→ **WHAT TO DO**
Where in the entries below does "Home" appear? Copy every line that has it.

------------------------------------------------------------

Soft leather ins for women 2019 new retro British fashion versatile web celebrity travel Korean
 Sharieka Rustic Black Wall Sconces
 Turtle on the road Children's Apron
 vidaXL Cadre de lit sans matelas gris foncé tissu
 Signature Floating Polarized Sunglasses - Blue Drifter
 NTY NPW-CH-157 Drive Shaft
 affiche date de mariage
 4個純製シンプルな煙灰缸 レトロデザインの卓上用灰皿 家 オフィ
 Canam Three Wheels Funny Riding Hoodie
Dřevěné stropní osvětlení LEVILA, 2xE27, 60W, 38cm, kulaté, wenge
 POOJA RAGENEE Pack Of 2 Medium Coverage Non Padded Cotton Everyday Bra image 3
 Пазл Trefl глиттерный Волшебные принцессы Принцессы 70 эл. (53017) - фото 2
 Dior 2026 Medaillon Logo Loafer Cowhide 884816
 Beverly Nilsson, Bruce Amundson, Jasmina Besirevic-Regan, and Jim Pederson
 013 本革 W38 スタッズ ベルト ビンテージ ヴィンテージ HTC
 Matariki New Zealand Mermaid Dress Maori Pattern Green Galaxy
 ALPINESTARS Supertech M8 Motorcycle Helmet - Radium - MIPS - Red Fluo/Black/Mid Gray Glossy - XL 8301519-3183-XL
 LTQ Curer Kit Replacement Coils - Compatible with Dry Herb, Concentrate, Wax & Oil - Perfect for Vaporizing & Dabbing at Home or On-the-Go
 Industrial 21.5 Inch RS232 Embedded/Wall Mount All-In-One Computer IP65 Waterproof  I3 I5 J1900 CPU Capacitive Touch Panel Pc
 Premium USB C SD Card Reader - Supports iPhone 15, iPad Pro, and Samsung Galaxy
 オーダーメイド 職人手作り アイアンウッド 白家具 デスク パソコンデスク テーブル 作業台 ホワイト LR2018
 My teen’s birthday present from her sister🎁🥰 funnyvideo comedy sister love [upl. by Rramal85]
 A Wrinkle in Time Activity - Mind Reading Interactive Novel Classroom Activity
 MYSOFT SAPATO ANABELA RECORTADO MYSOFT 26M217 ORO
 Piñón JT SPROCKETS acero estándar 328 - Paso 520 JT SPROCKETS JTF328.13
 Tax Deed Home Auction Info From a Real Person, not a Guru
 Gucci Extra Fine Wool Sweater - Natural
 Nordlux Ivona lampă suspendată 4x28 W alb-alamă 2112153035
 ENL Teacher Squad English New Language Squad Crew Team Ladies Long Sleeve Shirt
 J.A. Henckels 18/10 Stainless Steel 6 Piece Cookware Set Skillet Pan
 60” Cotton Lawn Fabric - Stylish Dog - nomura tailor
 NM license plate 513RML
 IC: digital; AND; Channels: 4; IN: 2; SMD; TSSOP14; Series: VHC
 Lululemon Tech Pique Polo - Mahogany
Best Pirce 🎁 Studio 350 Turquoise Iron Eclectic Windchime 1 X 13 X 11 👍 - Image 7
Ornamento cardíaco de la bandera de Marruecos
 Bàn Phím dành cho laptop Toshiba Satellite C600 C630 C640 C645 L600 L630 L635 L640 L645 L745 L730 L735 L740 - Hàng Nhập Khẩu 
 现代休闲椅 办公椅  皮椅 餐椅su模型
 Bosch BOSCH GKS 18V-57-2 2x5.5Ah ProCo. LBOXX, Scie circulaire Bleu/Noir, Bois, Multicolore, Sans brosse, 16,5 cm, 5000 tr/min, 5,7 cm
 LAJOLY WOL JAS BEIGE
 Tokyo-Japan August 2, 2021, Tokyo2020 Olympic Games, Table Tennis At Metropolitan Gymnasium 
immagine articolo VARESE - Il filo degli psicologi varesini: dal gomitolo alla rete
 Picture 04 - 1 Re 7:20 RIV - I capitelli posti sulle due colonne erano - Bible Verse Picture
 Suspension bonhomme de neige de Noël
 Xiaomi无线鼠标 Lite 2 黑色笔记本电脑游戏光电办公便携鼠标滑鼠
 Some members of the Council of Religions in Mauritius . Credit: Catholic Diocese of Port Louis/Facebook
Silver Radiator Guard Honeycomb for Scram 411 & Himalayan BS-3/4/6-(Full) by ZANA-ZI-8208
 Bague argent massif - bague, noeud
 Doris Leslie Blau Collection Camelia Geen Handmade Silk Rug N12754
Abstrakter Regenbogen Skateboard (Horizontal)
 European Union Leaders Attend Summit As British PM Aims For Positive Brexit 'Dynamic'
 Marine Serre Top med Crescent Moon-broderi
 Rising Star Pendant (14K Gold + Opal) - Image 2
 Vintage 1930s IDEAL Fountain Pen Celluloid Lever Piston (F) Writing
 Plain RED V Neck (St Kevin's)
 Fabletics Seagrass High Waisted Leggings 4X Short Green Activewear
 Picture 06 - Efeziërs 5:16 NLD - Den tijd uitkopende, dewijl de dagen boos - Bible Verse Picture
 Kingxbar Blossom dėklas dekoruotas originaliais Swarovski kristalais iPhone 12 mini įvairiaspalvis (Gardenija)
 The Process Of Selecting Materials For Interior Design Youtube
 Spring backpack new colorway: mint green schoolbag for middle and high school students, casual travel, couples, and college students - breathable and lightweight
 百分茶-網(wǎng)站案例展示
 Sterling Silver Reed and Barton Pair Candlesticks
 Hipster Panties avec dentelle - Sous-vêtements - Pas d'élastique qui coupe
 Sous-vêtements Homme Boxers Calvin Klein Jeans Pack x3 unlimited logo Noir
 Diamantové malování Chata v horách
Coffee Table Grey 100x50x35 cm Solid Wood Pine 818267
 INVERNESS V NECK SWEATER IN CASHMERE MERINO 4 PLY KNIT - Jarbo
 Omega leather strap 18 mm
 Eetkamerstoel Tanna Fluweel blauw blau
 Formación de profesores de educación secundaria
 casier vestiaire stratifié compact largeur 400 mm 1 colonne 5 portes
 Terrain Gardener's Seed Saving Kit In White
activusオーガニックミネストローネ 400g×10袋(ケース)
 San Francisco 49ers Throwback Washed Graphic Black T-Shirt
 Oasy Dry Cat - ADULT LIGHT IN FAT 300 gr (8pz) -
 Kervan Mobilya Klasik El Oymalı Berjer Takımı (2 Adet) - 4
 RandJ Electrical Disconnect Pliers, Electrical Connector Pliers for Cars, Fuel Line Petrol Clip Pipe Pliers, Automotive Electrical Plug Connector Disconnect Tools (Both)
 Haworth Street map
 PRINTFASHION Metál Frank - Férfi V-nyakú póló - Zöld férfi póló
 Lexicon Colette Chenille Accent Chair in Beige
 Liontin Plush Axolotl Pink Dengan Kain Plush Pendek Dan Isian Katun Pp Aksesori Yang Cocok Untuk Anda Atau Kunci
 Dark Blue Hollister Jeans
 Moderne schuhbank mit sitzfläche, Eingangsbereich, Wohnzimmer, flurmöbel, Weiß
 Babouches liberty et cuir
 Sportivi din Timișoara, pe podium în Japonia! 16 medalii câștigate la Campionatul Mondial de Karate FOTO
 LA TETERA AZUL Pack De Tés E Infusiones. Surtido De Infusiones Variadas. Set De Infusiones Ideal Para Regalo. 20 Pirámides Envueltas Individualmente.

------------------------------------------------------------

→ **RESULT FOR THIS TASK**
 LTQ Curer Kit Replacement Coils - Compatible with Dry Herb, Concentrate, Wax & Oil - Perfect for Vaporizing & Dabbing at Home or On-the-Go
 Tax Deed Home Auction Info From a Real Person, not a Guru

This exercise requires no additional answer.